# Notes on Clustering Algorithms

(Based on Notes from Ed Fox's Course at Virginia Tech., 1995-1996)

## Applications in IR

• Improve search efficiency: similar items are close-by on disk.
• Improve search effectiveness: it is likely that similar documents will be similar to the same query.
• Precision: if cluster items are all relevant, or all non-relevant
• Recall: if one might not otherwise retrieve all items in a relevant cluster
• Explore the characteristics of a document collection, citation network, etc. Thus, one can easily find nearest neighbors (NNs), or analyze the classification structure.
• Construct a thesaurus based on term-term co-occurrence in documents.

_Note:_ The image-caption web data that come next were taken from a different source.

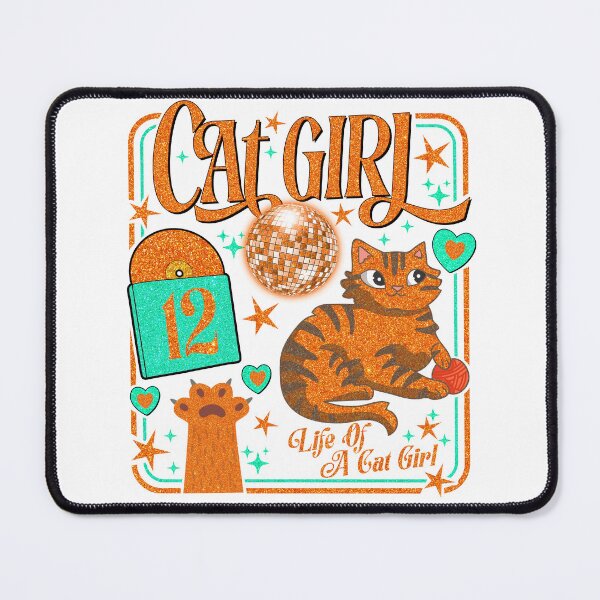 Item preview, TS Catgirl In My Catgirl Era Funny Meme designed and sold by AShanDome.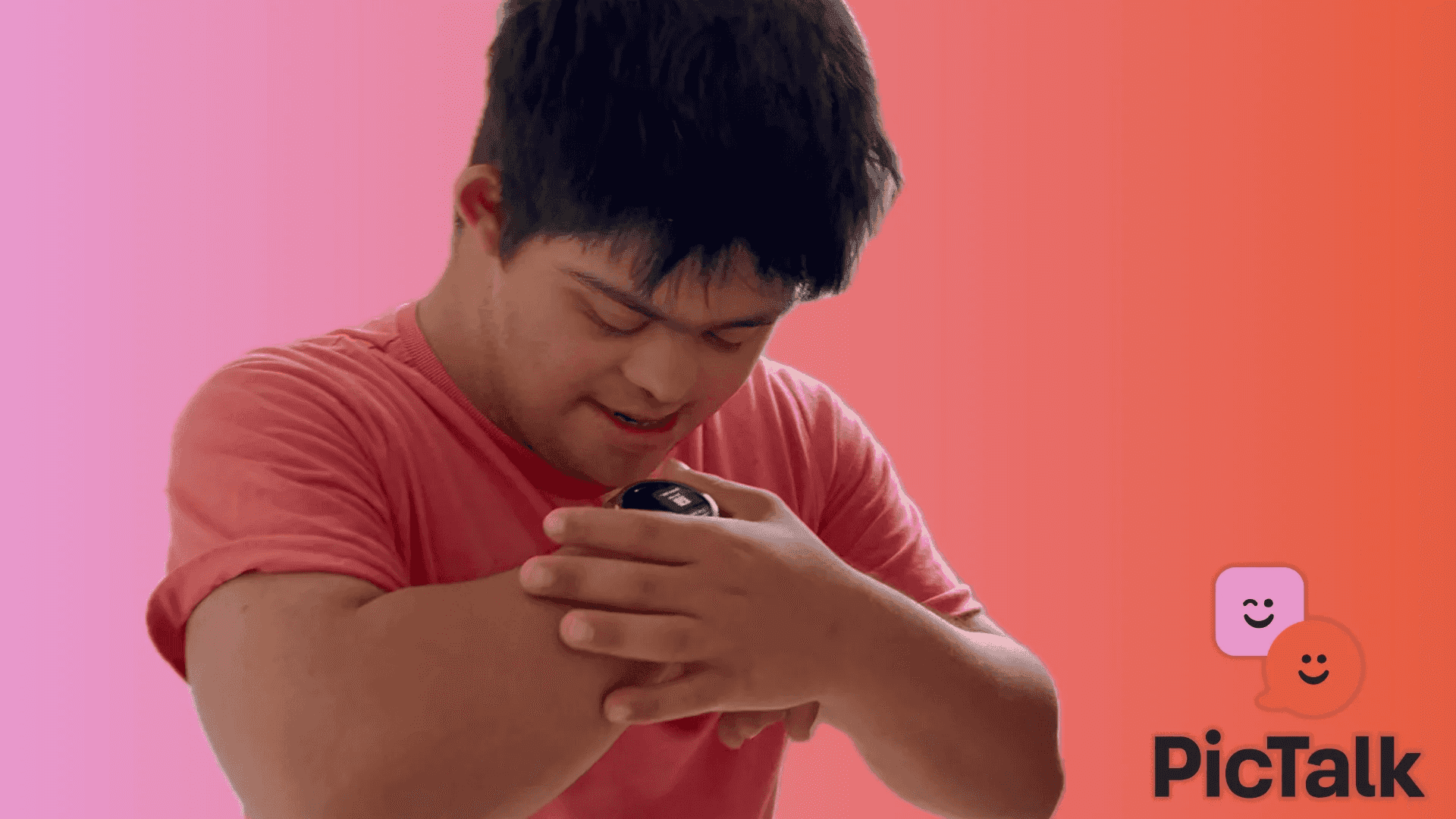 Pictalk Buddy Watch ankommer meget snart!!!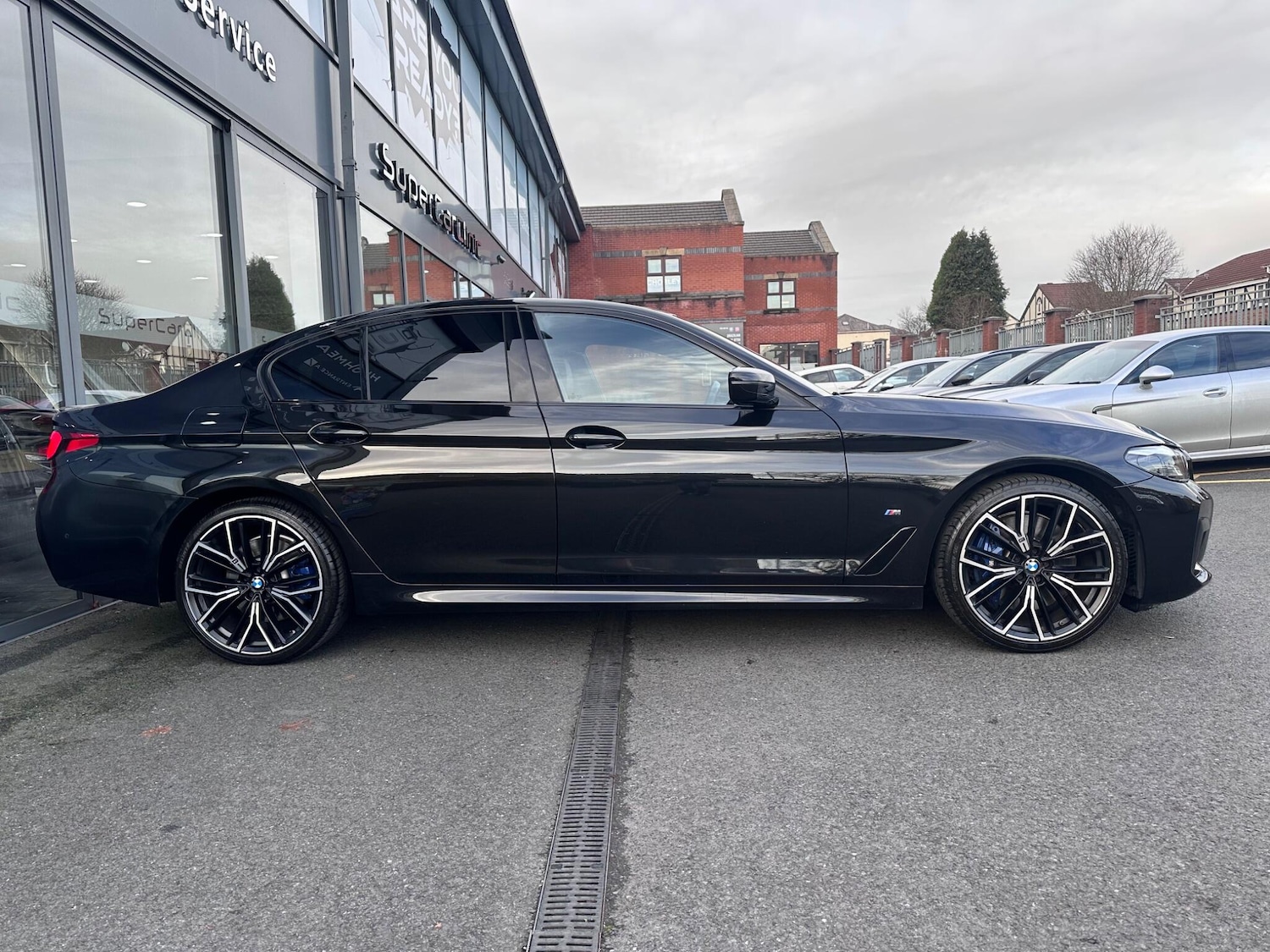 Used BMW 5 Series 2020 for sale - 76715280: Photo 6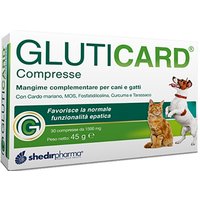 Gluticard 30 compresse divisibili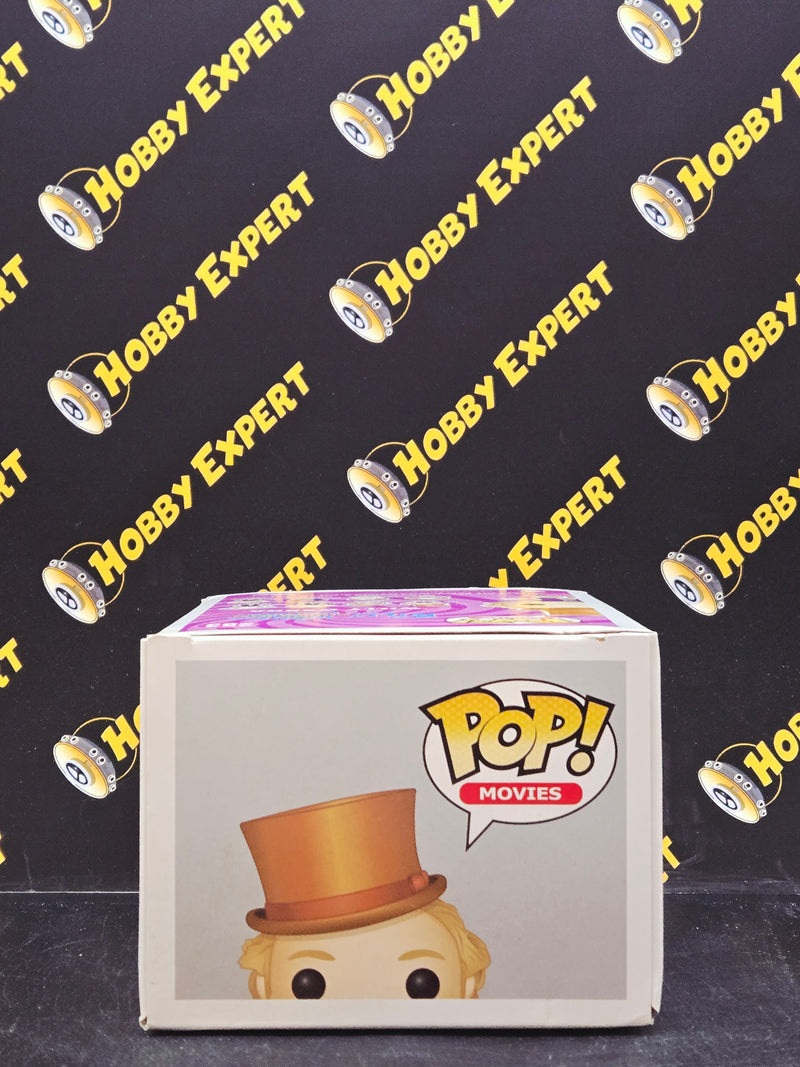 Willy Wonka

## Checklist of Clustering Issues and Steps

• Select features/attributes of objects to use in their representation.
• Select clustering method and similarity measure.
• Run clustering algorithm, producing clusters (and possibly a cluster hierarchy).
• Evaluate the clustering results.
• Update the clustering as changes are made.
• Search or otherwise use the clusters.

## Similarity measures

Heuristics:
• Similarities should be normalized by length of document vectors.
• Term weighting may not be of particular value.
(For a cluster centroid, weights might even be re-computed based on ranks. For example, consider a cluster centroid with t terms, so the one with largest weight has rank 1 and the term with lowest weight has rank t. Assume we want a linear decrease in weights, from value 1 for the rank 1 term down to value (1-c) for the term with rank t, where c might be say 0.9. Then, we might use the following value for the weight of the term with rank i:
1 - c*(i-1)/(t-1) )
Common measures:
In all cases, the numerator is based on the inner product, and the denominator is a normalization factor.
• Dice: multiply numerator by 2, and normalize by the sum of both sums of squares
• Jaccard: normalize by the sum of both sums of squares, less the inner product
• Cosine

## Similarity matrix

• Matrix is useful in many clustering algorithms.
• Matrix is useful for n nearest neighbor (NN) computations.
• Naive algorithm is O(n**2).
• IF-based algorithm can work for sparse matrices or matrix rows.
IF-based Algorithm:
Rationale ---
• sim is zero if there are no terms in common
• we can mark docs that have terms in common, with the aid of the IF
Pseudocode ---
.......foreach document
..............foreach term in document
.....................get IF list for term
............................mark documents appearing in IF list
..............foreach marked document
.....................compute sim with doc in outer loop

## Computational complexity

• Terminology: Assume N documents and M clusters
• Space: Need:
• O(N): if store documents / input data set;
• O(M): if store clusters / centroids; and
• O(N**2): if store doc-doc sim matrix
• Time: Need:
• O(N): to just examine input data set;
• O(NM): for simple reallocation methods; and
• O(N**2): to build doc-doc sim matrix

## Update

In some cases, clustering must start anew if there are any changes. Sometimes, additions can be made to the most similar cluster (but eventually that may force a regeneration or reclustering).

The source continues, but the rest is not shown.